On April 23, 2003, we sold $400 million of 6¼% senior notes due in 2013 pursuant to Rule 144A under the Securities Act of 1933 which allows unregistered transactions with qualified institutional buyers. The notes are general unsecured indebtedness effectively ranking subordinate to bank borrowings, equal to our other senior unsecured notes and above our senior subordinated notes. The notes mature on April 15, 2013 and interest is payable each April 15 and October 15. Net proceeds from the sale of notes, after deducting initial purchaser commissions and estimated offering expenses, were $393.1 million.
On April 23, 2003, we also completed a public offering of 13,800,000 shares of common stock. Net proceeds from the offering, after underwriting discount and estimated offering expenses, were $247.7 million.
Net proceeds from the April 2003 sale of senior notes and common stock will be used to finance our pending producing property acquisition from units of Williams of Tulsa, Oklahoma, to redeem our 8¾% senior subordinated notes and to reduce bank debt.

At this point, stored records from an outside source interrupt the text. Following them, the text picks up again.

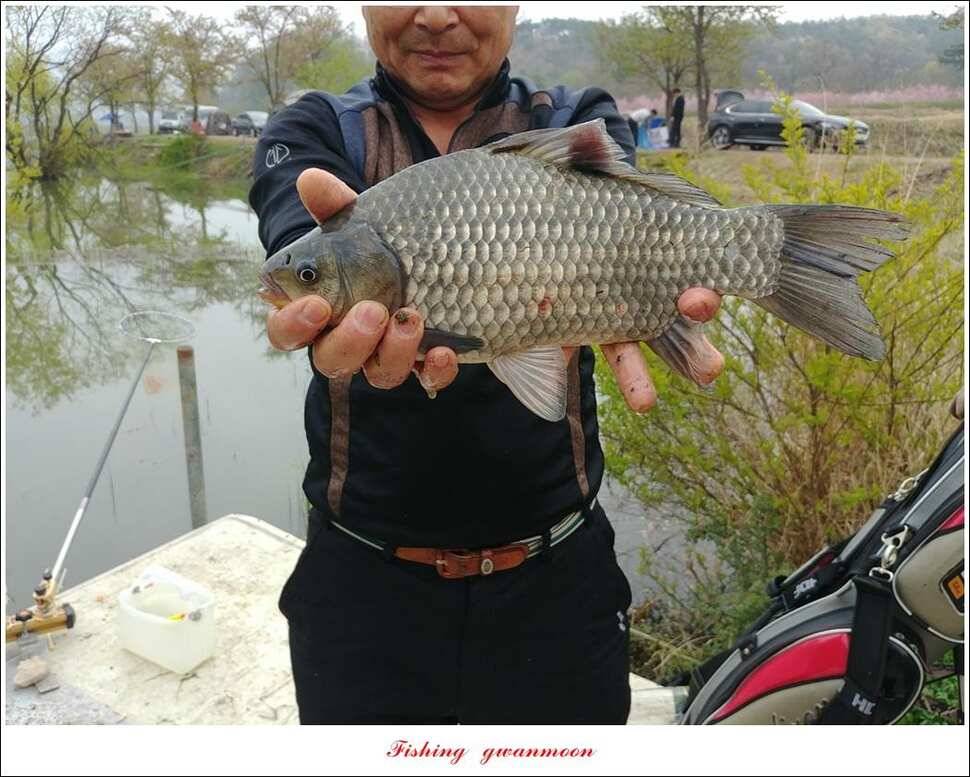 제일 39 cm 대물 조황화곡지칠성지 조황 (조황조행기 - 특파원조황)
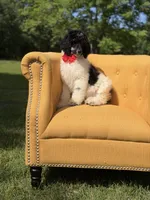 AKC Wilson , a male Poodle - Multi-Colored Standard for sale in Mayfield, KY – 6 of 10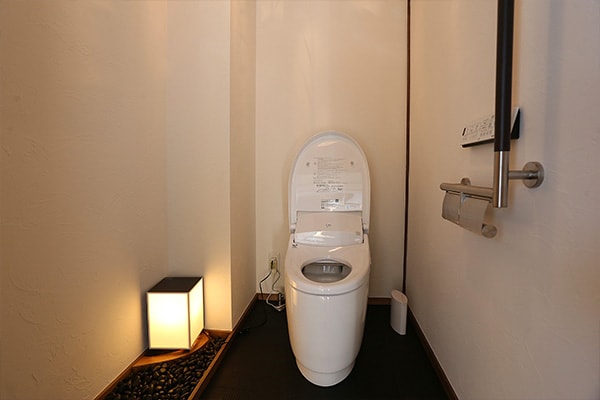 Room 401: Toilet in guest room with shower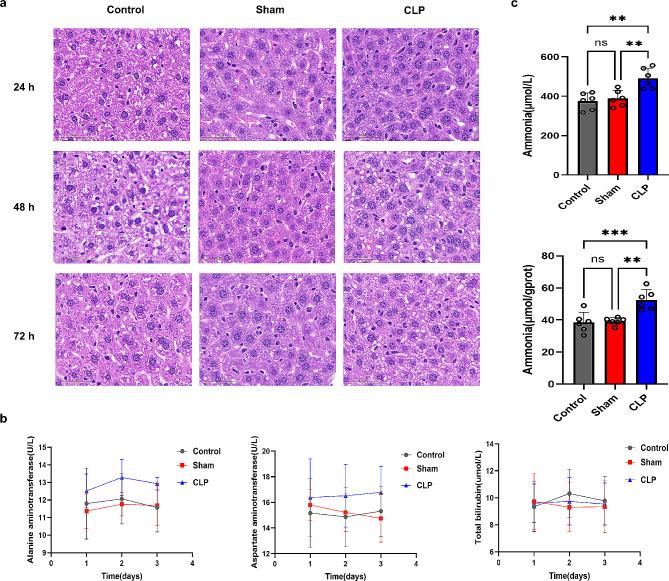 https://cdn.ncbi.nlm.nih.gov/pmc/blobs/f4f8/11131257/211bf1f16e3f/12974_2024_3135_Fig2_HTML.jpg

Until closing of the acquisition, scheduled for June 2003, and redemption of the 8¾% senior subordinated notes in May 2003, the proceeds of the senior notes and common stock offerings have been used to repay bank debt. As of May 1, 2003, there were no outstanding bank borrowings under our revolving credit agreement.

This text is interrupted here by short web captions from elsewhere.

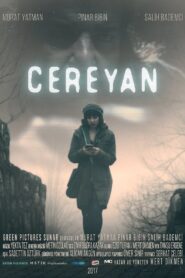 Cereyan 2017 on netflix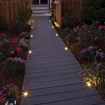 Picture of ST/GEM Paver & Deck Light 22mm - 0.2W Epistar LED 316 Stainless w/ frosted lens light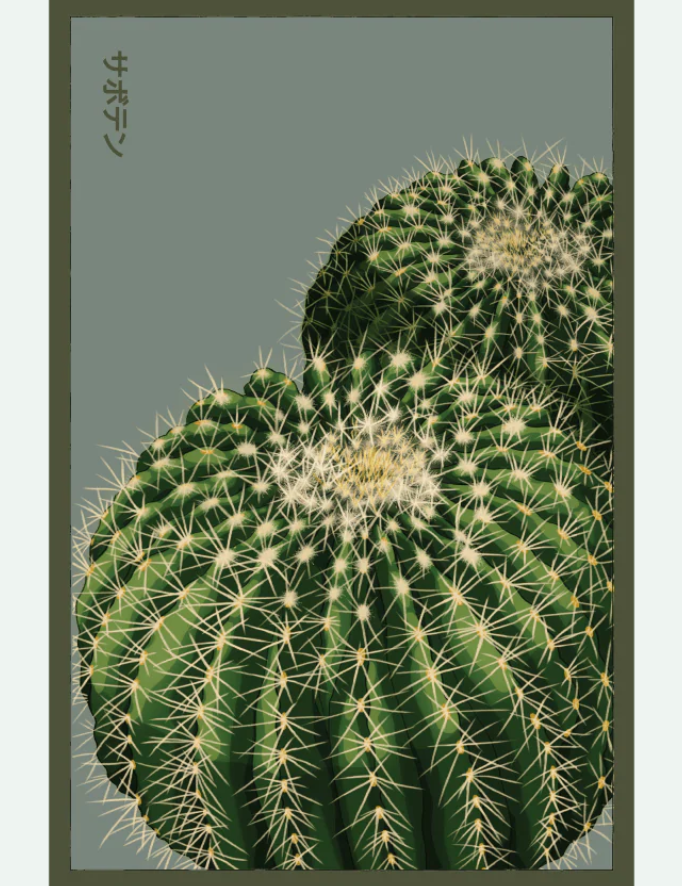 Flower & Indoor Plant Seed Packets - 29 Varieties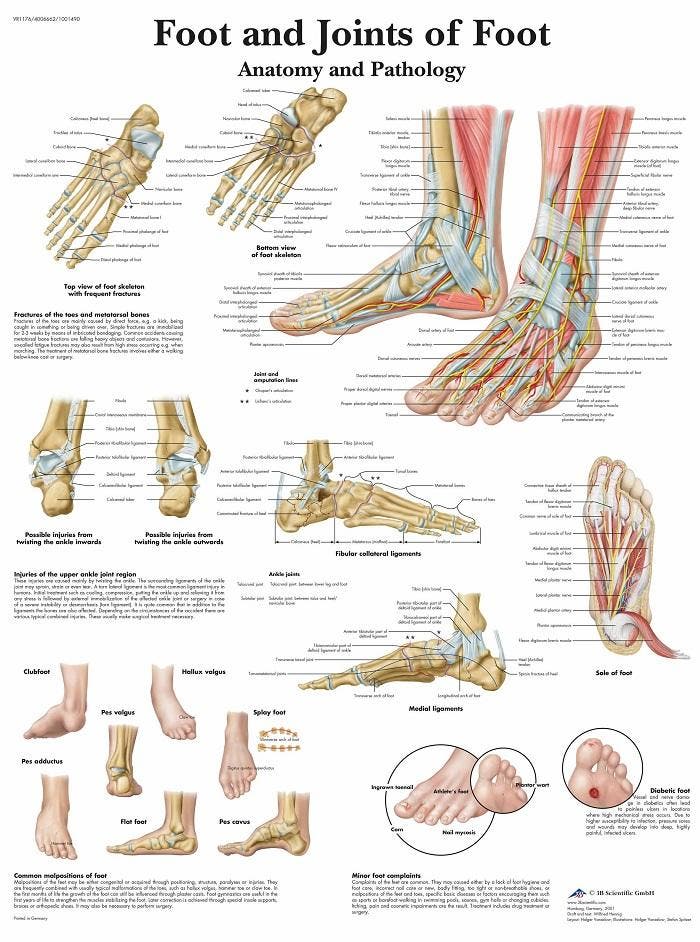 Anatomie poster voet (gelamineerd, 50x67 cm) + ophangsys..., Sport en Fitness, Massageproducten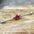 316L Stainless Steel Red Rose Industrial Barbell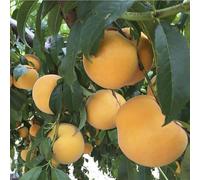 PIANTA DA FRUTTO PERCOCO ROMEA in vaso 20 età 2/3 anni (foto reali)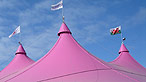 Pink pavilion
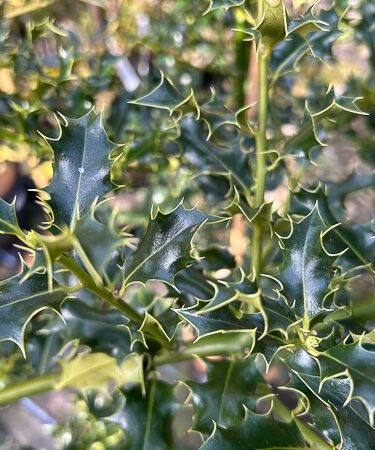 Ilex aquif. 'Ashmount'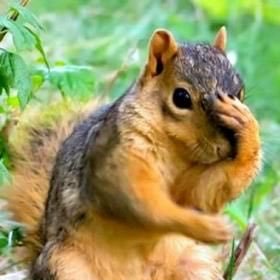 I'm just a squirrel with a nut allergy.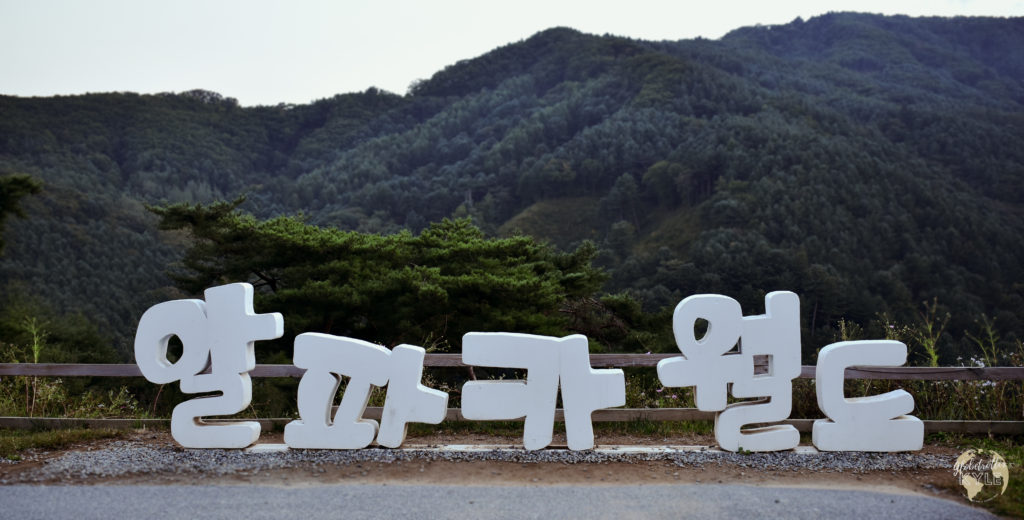 Korean text reading Alpaca World in a forested valley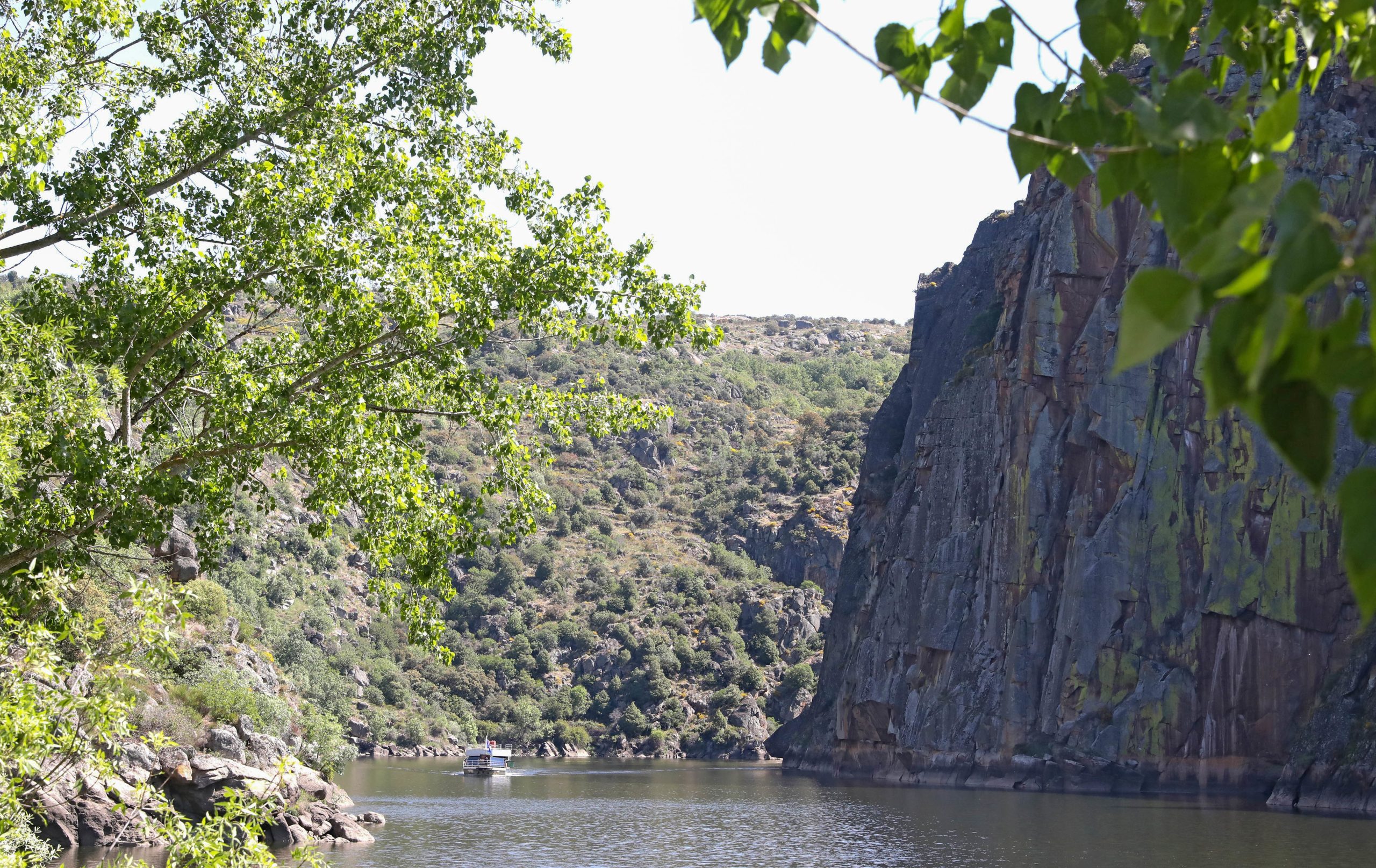 Portugal e Espanha com programa para reintroduzir quebra-ossos no Douro Internacional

Stockholders equity at March 31, 2003 increased $39.2 million from year-end because of earnings of $66.2 million for the three months ended March 31, 2003 and an increase in additional paid-in capital of $1.7 million related to exercise of stock options and issuance of performance shares, partially offset by an increase in accumulated other comprehensive loss of $27 million and common stock dividends declared of $1.7 million. The increase in accumulated other comprehensive loss was attributable to the decline in fair value of cash flow hedge derivatives, which was related to the increase in natural gas prices, partially offset by cash settlements during the quarter.
See Notes 3 and 7 to Consolidated Financial Statements.
Common Stock Dividends
In February 2003, our Board of Directors declared a first quarter common stock dividend of $0.01 per share that was paid in April.
Accounting Pronouncements
We adopted Statement of Financial Accounting Standards No. 143, Accounting for Asset Retirement Obligations, as of January 1, 2003. See Note 2 to Consolidated Financial Statements. We do not anticipate SFAS No. 143 will have a material effect on future earnings.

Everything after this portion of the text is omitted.